After arguments parsing, it continues with buildForest method call as shown below, it instantiates either InMemoryBuilder or PartialBuilder MapReduce job and then runs it to build the random forest (DecisionForest).

DecisionForest forest = forestBuilder.build(nbTrees);


private void buildForest() throws IOException, ClassNotFoundException, InterruptedException {
    // make sure the output path does not exist
    FileSystem ofs = outputPath.getFileSystem(getConf());
    if (ofs.exists(outputPath)) {
      log.error("Output path already exists");
      return;
    }

    DecisionTreeBuilder treeBuilder = new DecisionTreeBuilder();
    if (m != null) {
      treeBuilder.setM(m);
    }
    treeBuilder.setComplemented(complemented);
    if (minSplitNum != null) {
      treeBuilder.setMinSplitNum(minSplitNum);
    }
    if (minVarianceProportion != null) {
      treeBuilder.setMinVarianceProportion(minVarianceProportion);
    }
    
    Builder forestBuilder;
    
    if (isPartial) {
      log.info("Partial Mapred implementation");
      forestBuilder = new PartialBuilder(treeBuilder, dataPath, datasetPath, seed, getConf());
    } else {
      log.info("InMem Mapred implementation");
      forestBuilder = new InMemBuilder(treeBuilder, dataPath, datasetPath, seed, getConf());
    }

    forestBuilder.setOutputDirName(outputPath.getName());
    
    log.info("Building the forest...");
    long time = System.currentTimeMillis();
    
    DecisionForest forest = forestBuilder.build(nbTrees);
    if (forest == null) {
      return;
    }
    
    time = System.currentTimeMillis() - time;
    log.info("Build Time: {}", DFUtils.elapsedTime(time));
    log.info("Forest num Nodes: {}", forest.nbNodes());
    log.info("Forest mean num Nodes: {}", forest.meanNbNodes());
    log.info("Forest mean max Depth: {}", forest.meanMaxDepth());

    // store the decision forest in the output path
    Path forestPath = new Path(outputPath, "forest.seq");
    log.info("Storing the forest in: {}", forestPath);
    DFUtils.storeWritable(getConf(), forestPath, forest);
  }

Both InMemoryBuilder and PartialBuilder extend the abstract Builder class. The abstract class has the following required abstract methods to be implemented by any subclass.

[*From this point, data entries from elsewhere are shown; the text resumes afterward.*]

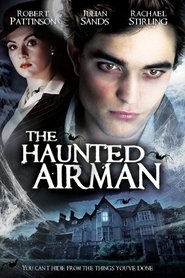 Film The Haunted Airman streaming VF complet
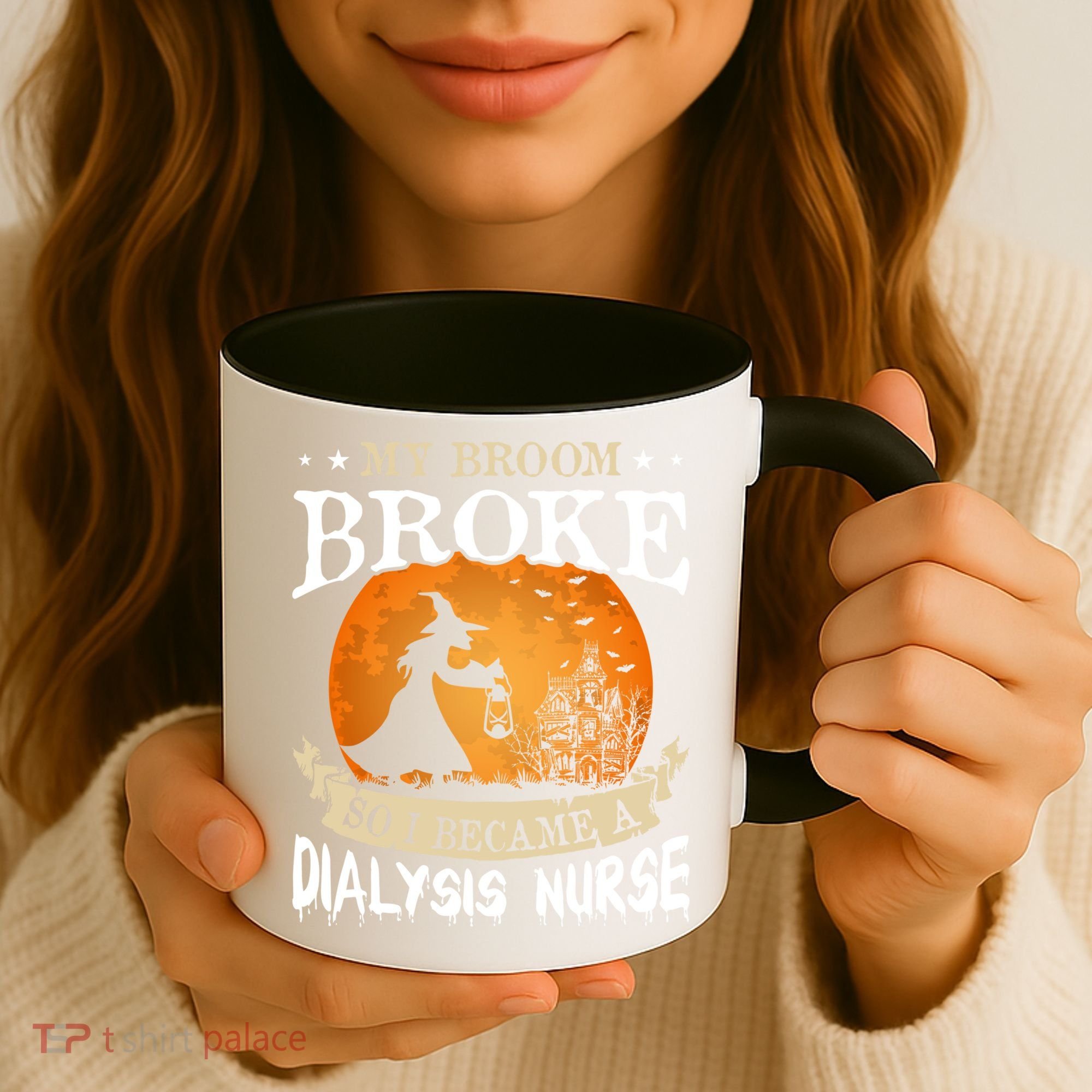 My Broom Broke So I Became A Dialysis Nurse Gift Coffee Mug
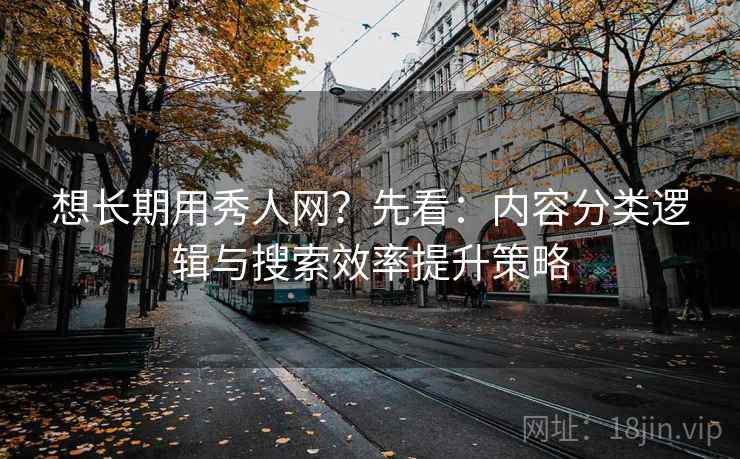 想长期用秀人网?先看:内容分类逻辑与搜索效率提升策略 第2张 想长期用秀人网?先看:内容分类逻辑与搜索效率提升策略 第2张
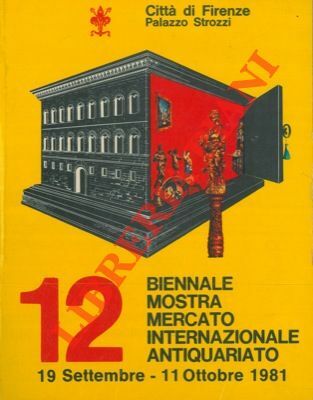 12a Biennale. Mostra Mercato Internazionale dell'Antiquariato.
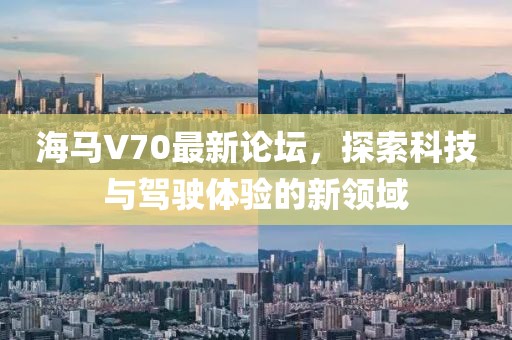 海馬V70最新論壇，探索科技與駕駛體驗(yàn)的新領(lǐng)域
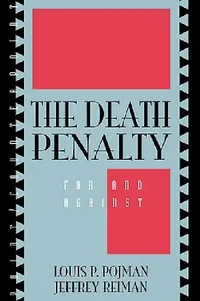 Buy The Death Penalty (English, Louis P. Pojman | Jeffrey Reiman) — BookShops.in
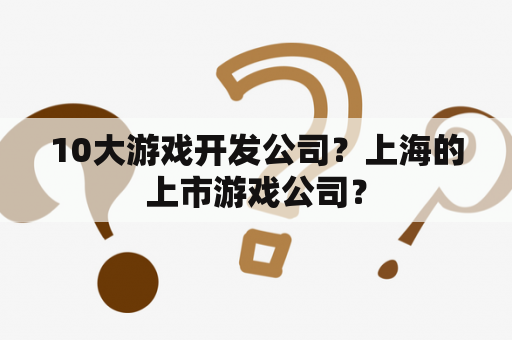 10大游戏开发公司？上海的上市游戏公司？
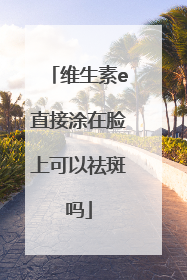 维生素e直接涂在脸上可以祛斑吗
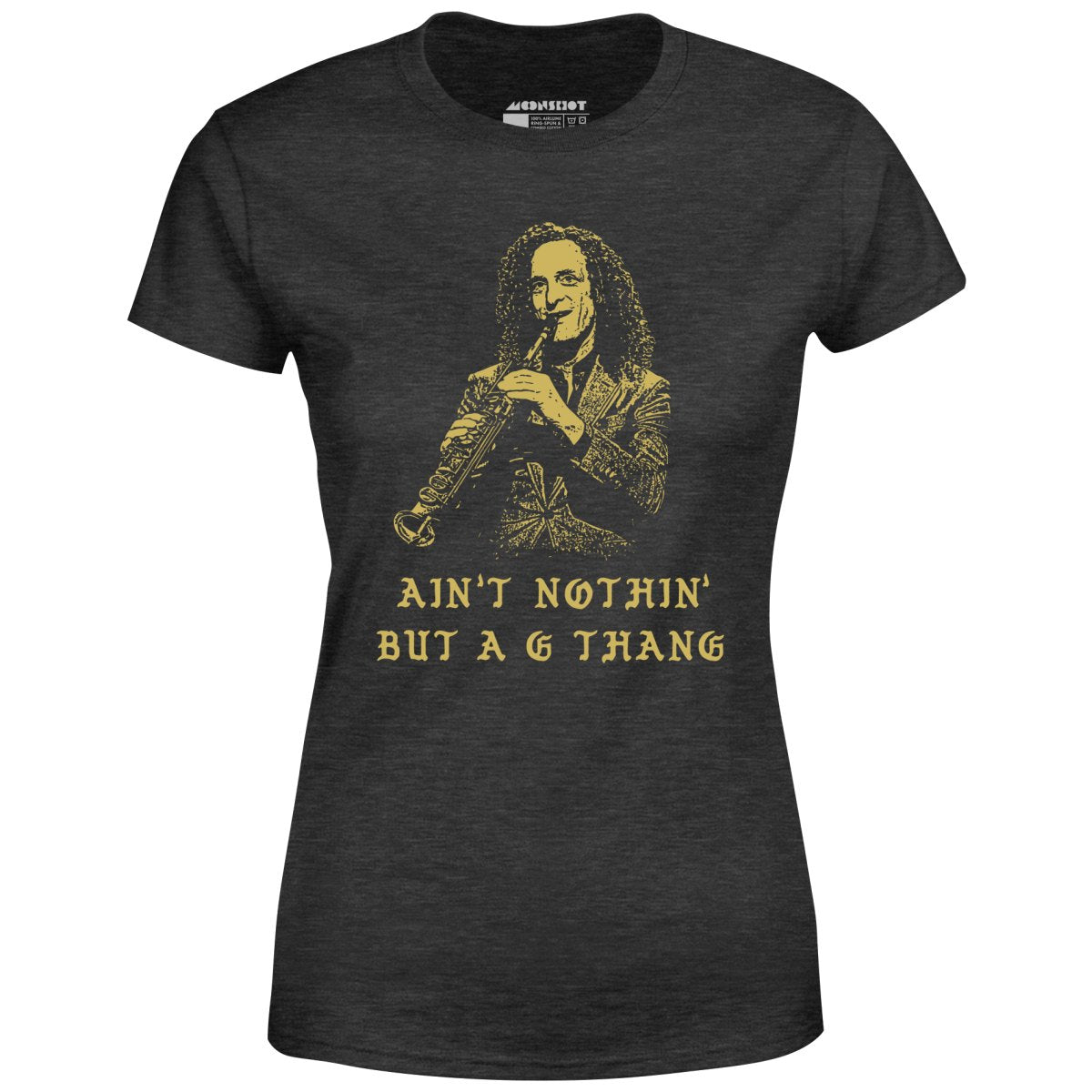 Ain't Nothin' But a G Thang - Women's T-Shirt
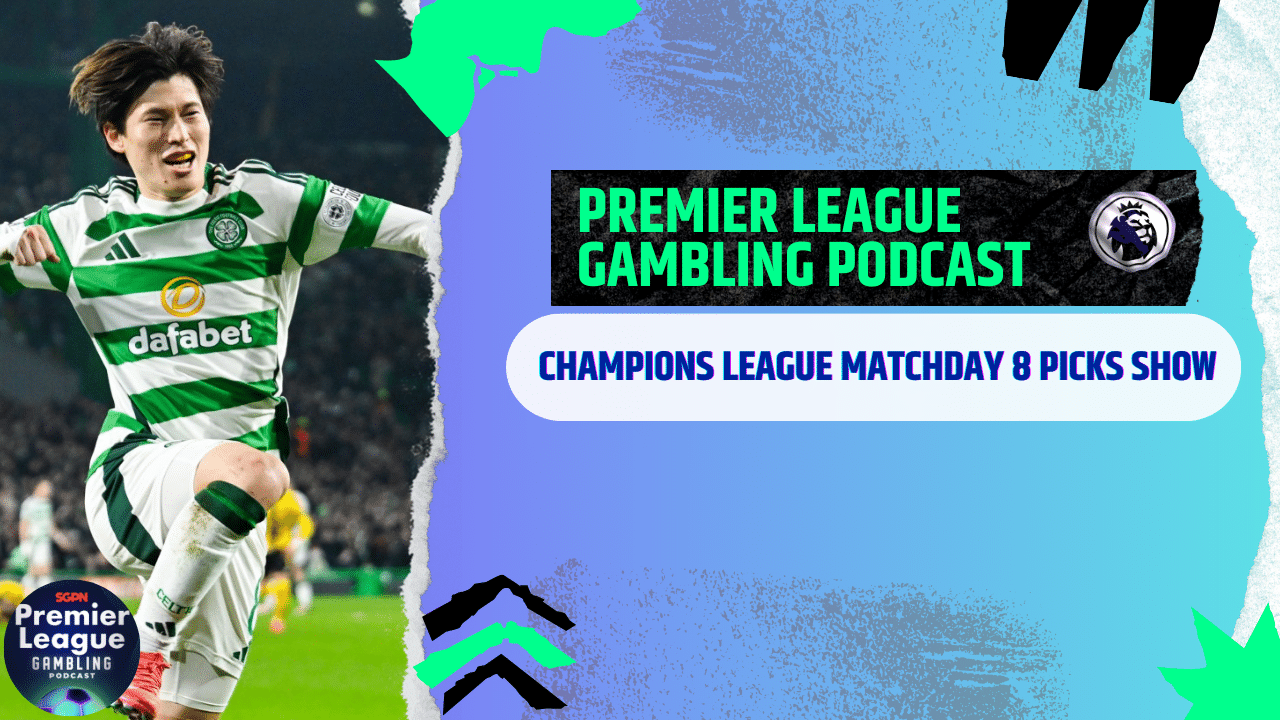 Champions League Matchday 8 Picks | Premier League Gambling Podcast (Ep.247)
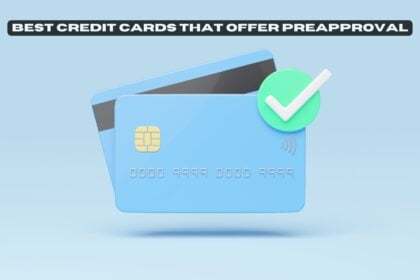 Best Credit Cards That Offer Preapproval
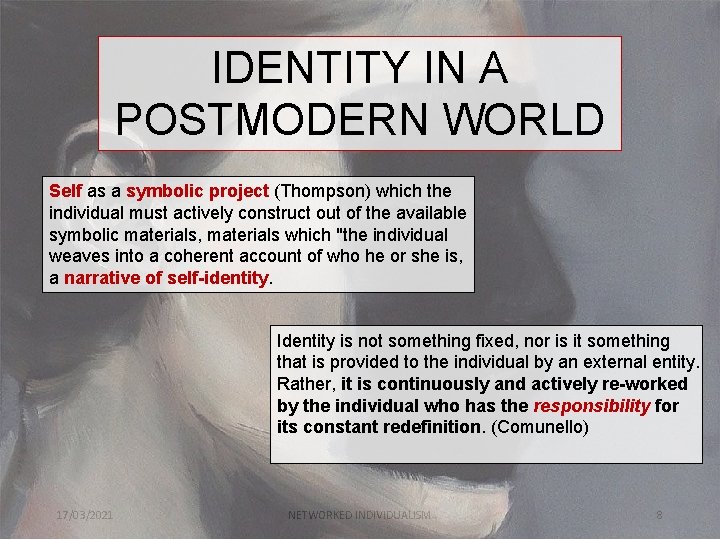 IDENTITY IN A POSTMODERN WORLD Self as a symbolic project (Thompson) which the individual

protected abstract void configureJob(Job job) throws IOException;
 
protected abstract DecisionForest parseOutput(Job job) throws IOException;

Next, we will look inside PartialBuilder, the MapReduce implementation of Random Forest job. It uses Step1Mapper as the Mapper implementation and does not have any reducer.

In each mapper task, it reads and converts each line of inputs into a dense vector and stores these vectors in an array list during the map phase.

At the end of the map phase, the mapper task starts to build a subset of trees using the input array list of vectors and then writes the these trees to the disk as the custom MapredOutput writables.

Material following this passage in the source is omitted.